Unfriendly budget

Michael J. Ssali

What you need to know:

  • The agriculture sector needs more money for research and to purchase irrigation infrastructure which drives water from rivers and lakes to distant districts apart from paved roads.
  • We cannot commercialize agriculture by reducing investment in it and seeking more effective channels of taxing farmers.

Who cares about farmers in Uganda? Unlike teachers and health workers, farmers cannot express their dissatisfaction by organizing strikes for not getting their fair share of support from the government.

So they won’t make any noise following the allocation of a mere 3.6 per cent of the national budget to agriculture despite the fact that 70 per cent of Ugandans depend on the sector.

Officially the farmers belong to the private sector and they are expected to struggle for their own growth.
But who has forgotten that in 2003 at the African Union Summit in Maputo, under the Comprehensive Africa Agriculture Development Program (CAADP) all African governments including Uganda committed to boost agricultural production by allocating at least 10 per cent of their national budgets to the sector?

Coffee which used to be the leading foreign exchange earner is now ranked third after tourism and Diaspora remittances. For about twenty years Robusta coffee has been under attack by the Coffee Wilt Disease.

(CWD) which has reduced national production by 56% according to Uganda Coffee Development Authority. However due to budgetary constraints the government cannot distribute CWD-resistant seedlings to farmers to grow.
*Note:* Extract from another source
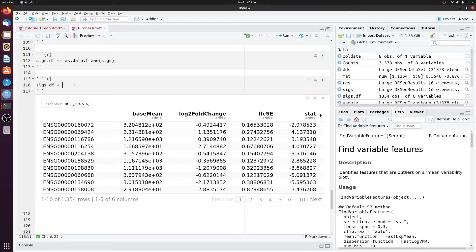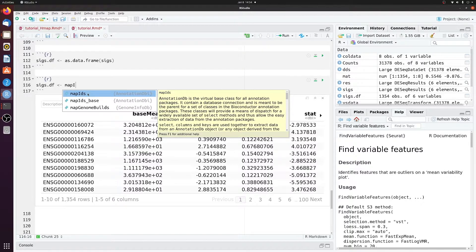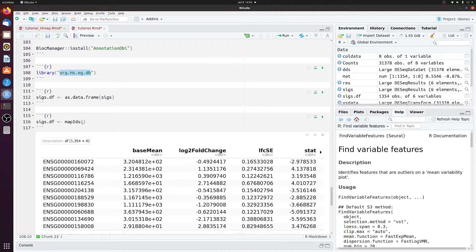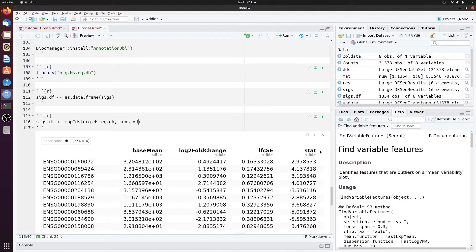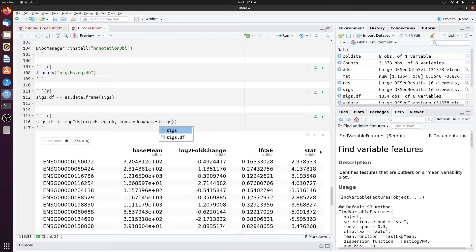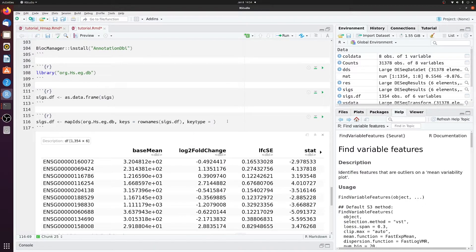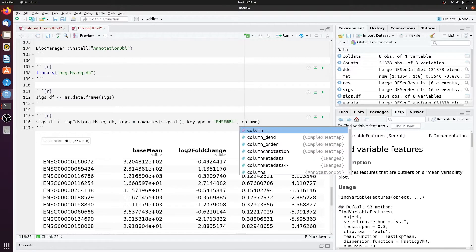And now we can just call mapIDs. This is where we point to our database. Our keys are going to be the row names of SIGsDF. Our key type is going to be ENSEMBL, and what we want in return is going to be symbol.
The coffee seedlings currently being donated to farmers are prone to the incurable CWD and they are not so high yielding according to experience.
Yet we are aiming at increasing coffee production from the present average annual 3.5 million bags to 20 million bags by 2025.

Our agriculture is actually sick given that most of our crops, including coffee; banana, cassava, sweet potatoes, Irish potatoes, and maize are under attack by devastating pests and diseases most of which have no known cure. We are also host to Black Coffee Twig Borer, Leaf Rust, and Coffee Berry Disease which require money to fight.

We have the onset of climate change and its effects of extreme weather conditions all of which impact on agricultural production.
The agriculture sector needs more money for research and to purchase irrigation infrastructure which drives water from rivers and lakes to distant districts apart from paved roads.

We cannot commercialize agriculture by reducing investment in it and seeking more effective channels of taxing farmers.